EXERCISE REQUIREMENTS ::
The pictures do not belong in the copy. Restate all of the records word for word.

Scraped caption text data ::
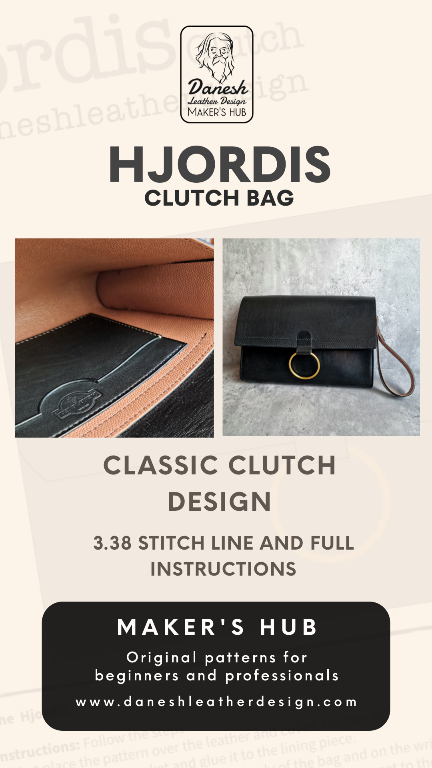 Hjordis clutch bag | DIY | Pattern Pdf | Leather craft template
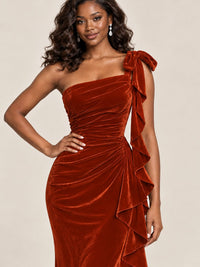 Black Velvet One-Shoulder Mermaid Evening Gown with Bow & Ruffles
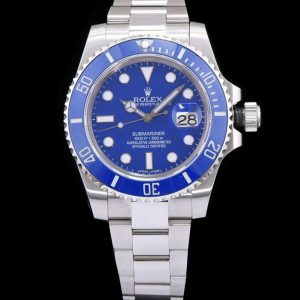 Ro.le.x Stainless Steel Submariner, Luxury Watch, Stainless Steel Watch, Blue Submariner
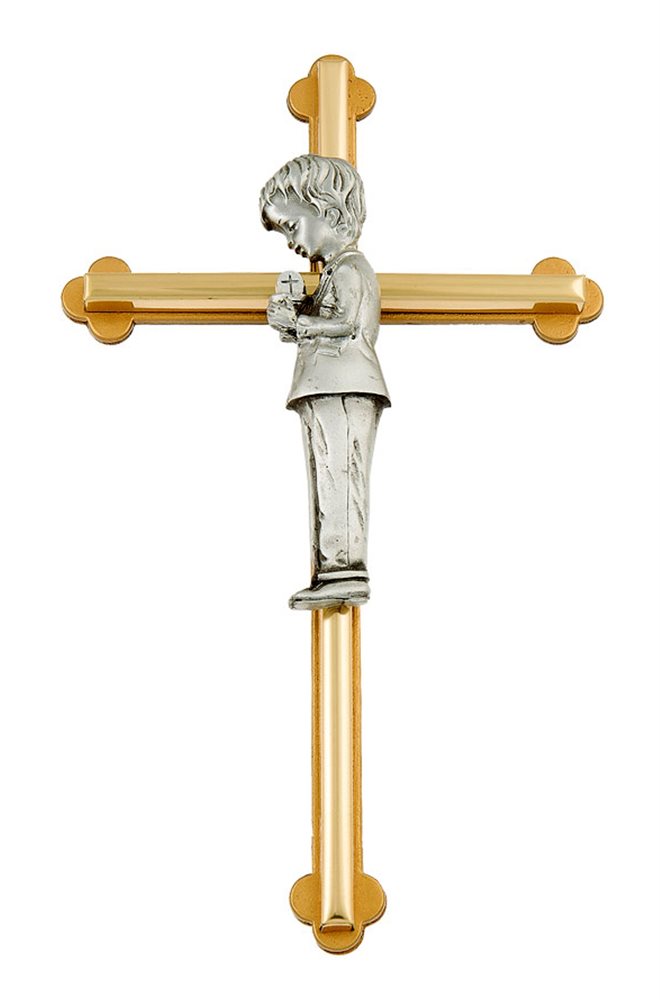 Two-Tone Metal Cross for Boy, 8"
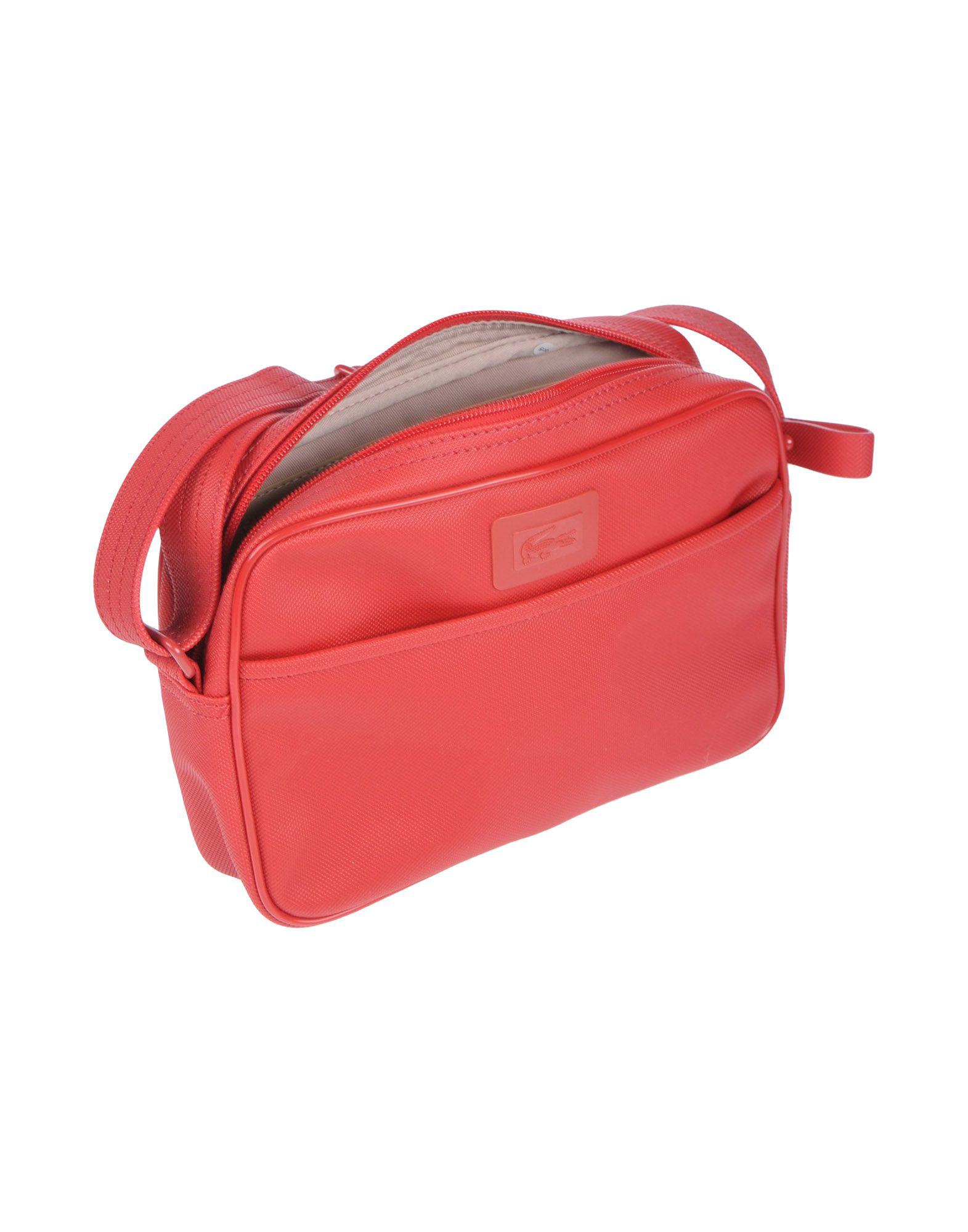 lacoste sling bag red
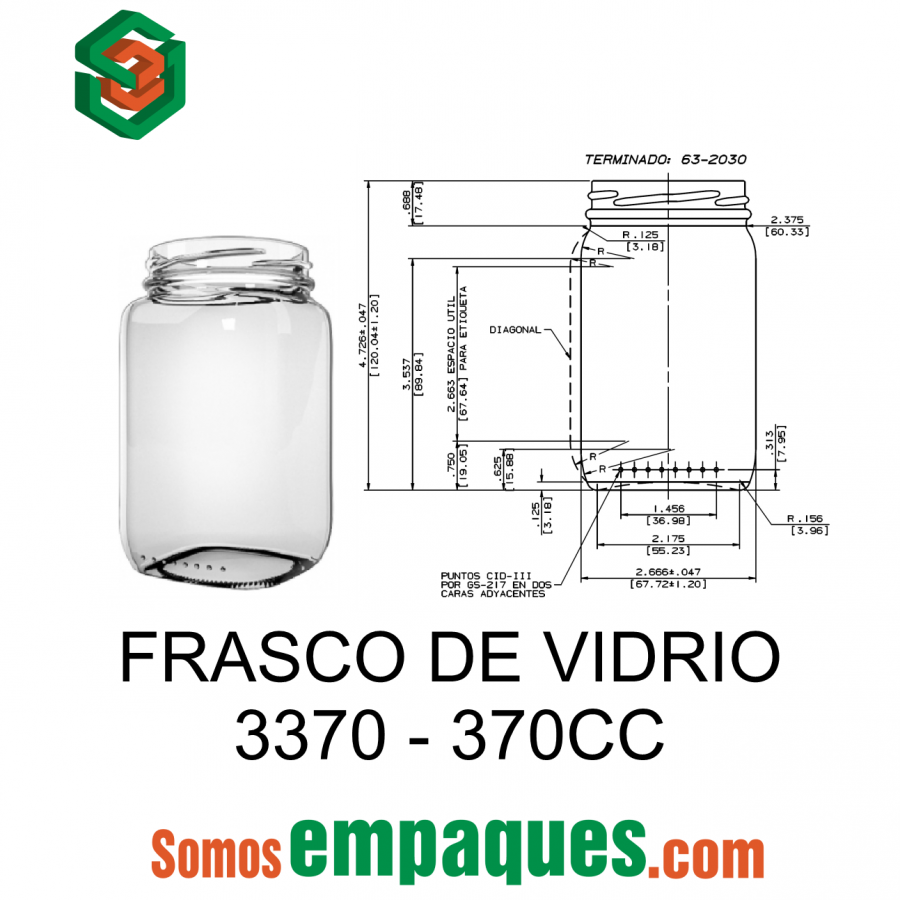 Frasco de Vidrio con tapa 370mL C270 – Caja 25 Unidades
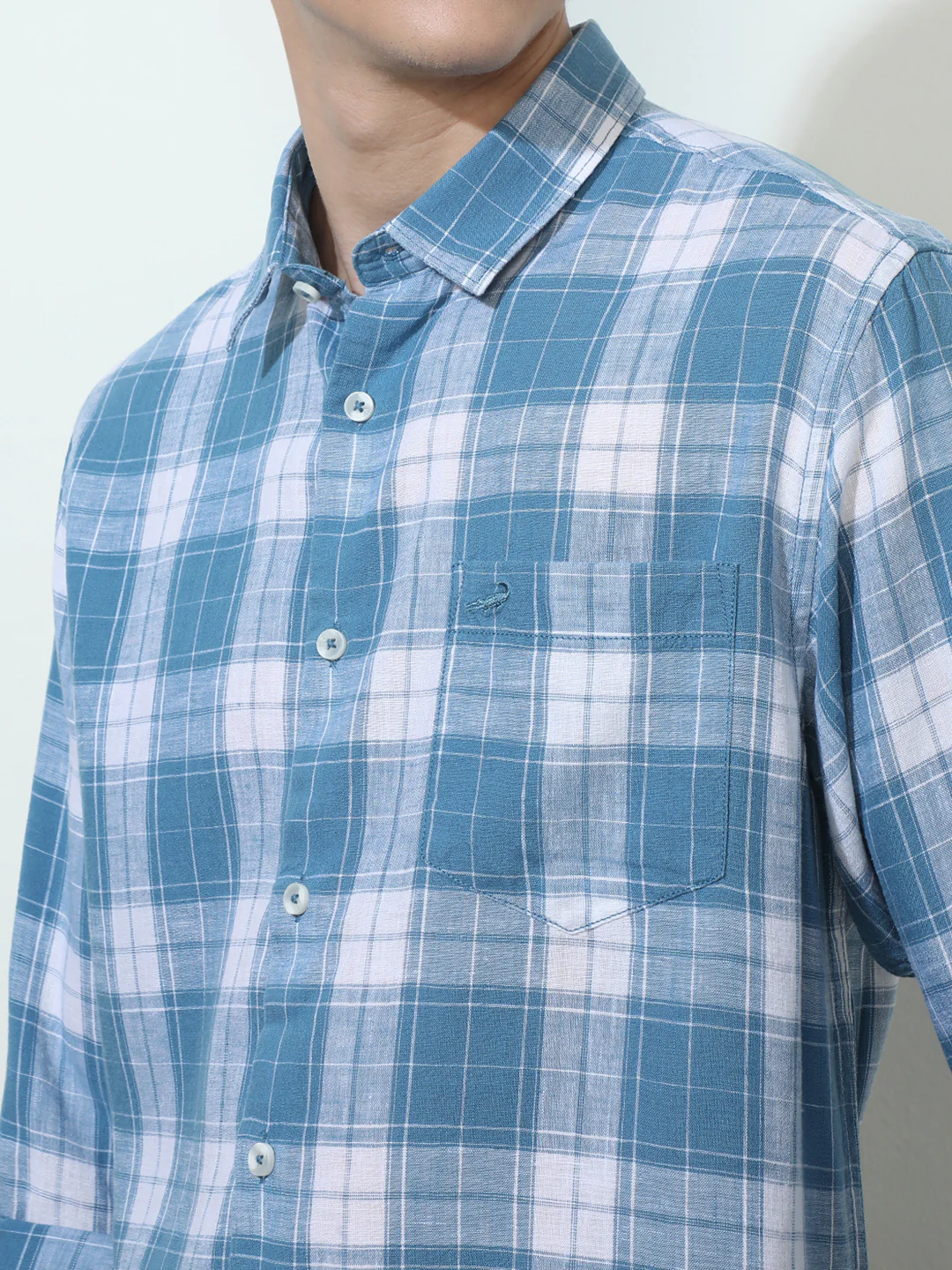 Checked Blue Full Sleeve Casual Shirt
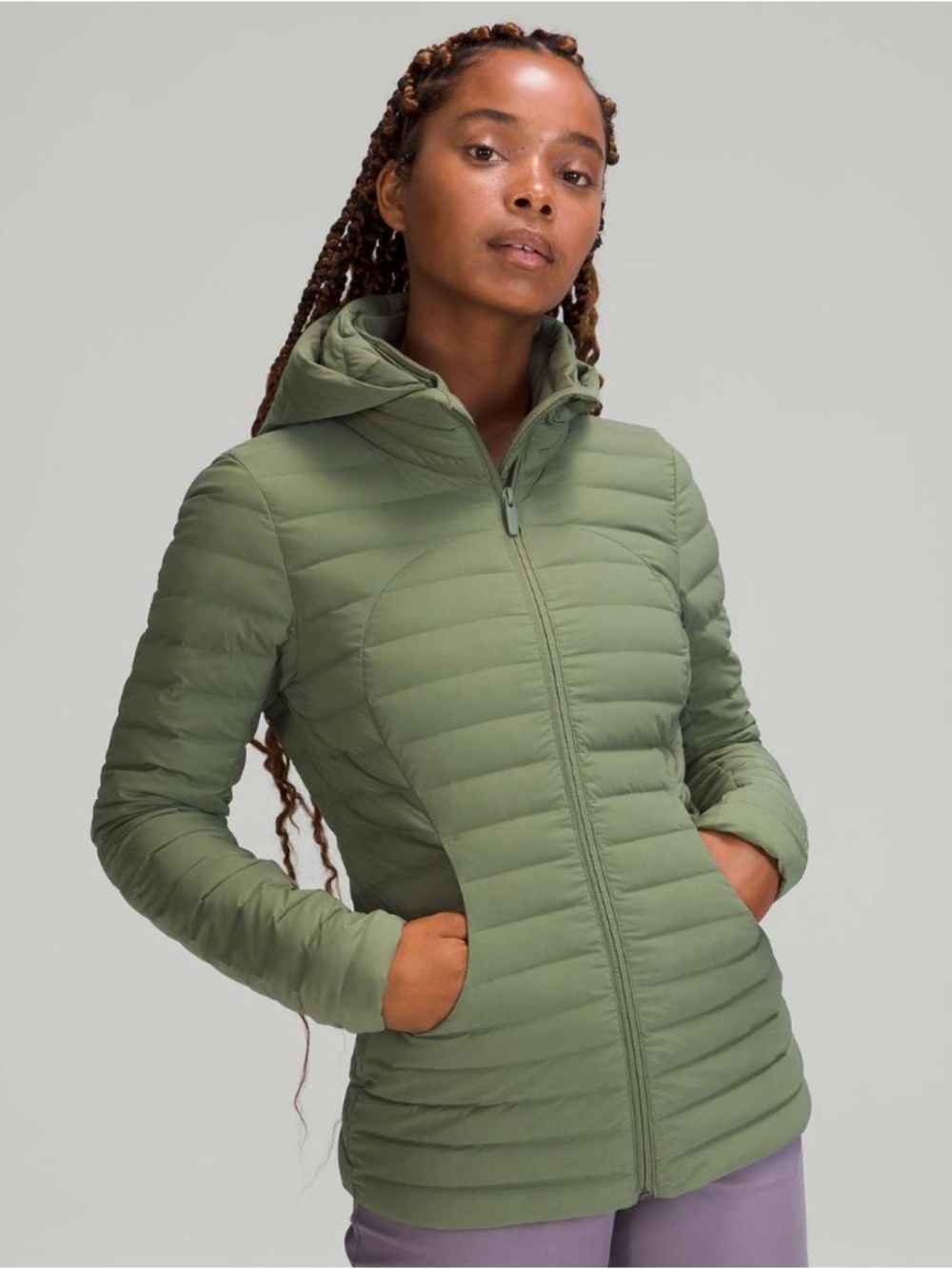 Lululemon Pack it Down Goose Down Puffer Packable Lightweight Jacket Twill Green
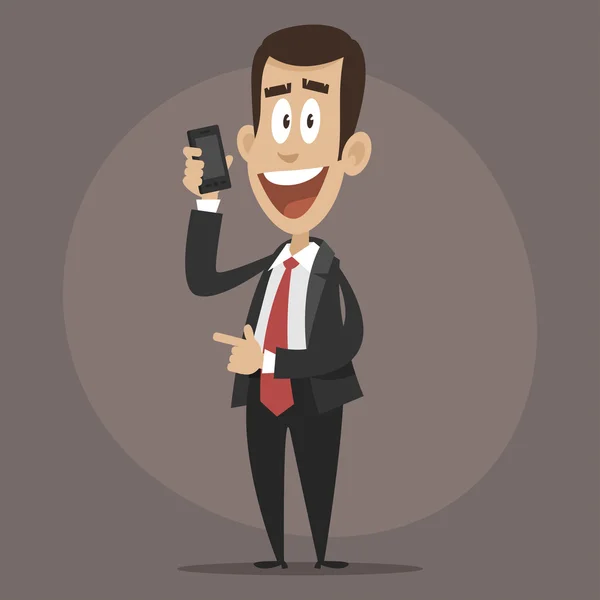 Feliz Empresario Hablando por Teléfono — Vector de stock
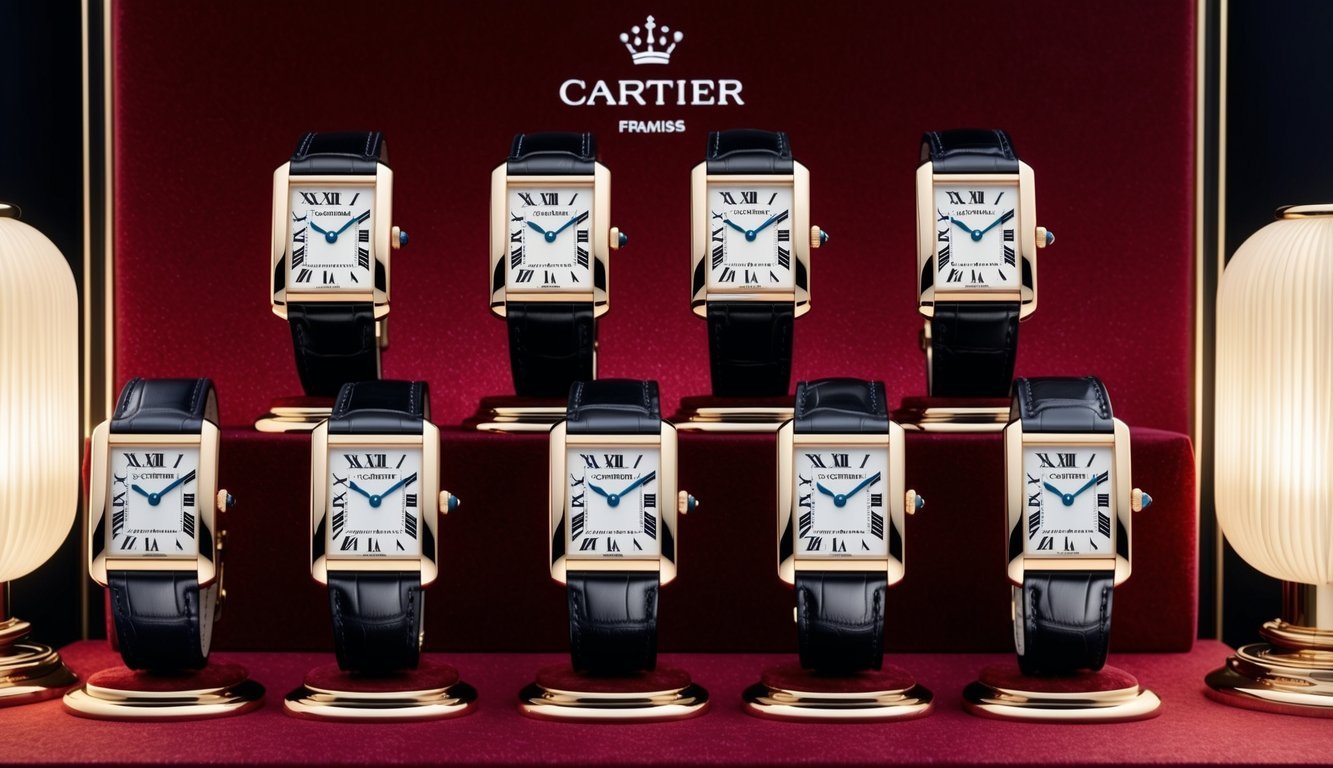 A display of eight Cartier Tank Française watches arranged on a luxurious velvet backdrop, with soft lighting to enhance their elegant design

RESULT ::
 Hjordis clutch bag | DIY | Pattern Pdf | Leather craft template
 Black Velvet One-Shoulder Mermaid Evening Gown with Bow & Ruffles
 Ro.le.x Stainless Steel Submariner, Luxury Watch, Stainless Steel Watch, Blue Submariner
 Two-Tone Metal Cross for Boy, 8"
 lacoste sling bag red
 Frasco de Vidrio con tapa 370mL C270 – Caja 25 Unidades
 Checked Blue Full Sleeve Casual Shirt
 Lululemon Pack it Down Goose Down Puffer Packable Lightweight Jacket Twill Green
 Feliz Empresario Hablando por Teléfono — Vector de stock
 A display of eight Cartier Tank Française watches arranged on a luxurious velvet backdrop, with soft lighting to enhance their elegant design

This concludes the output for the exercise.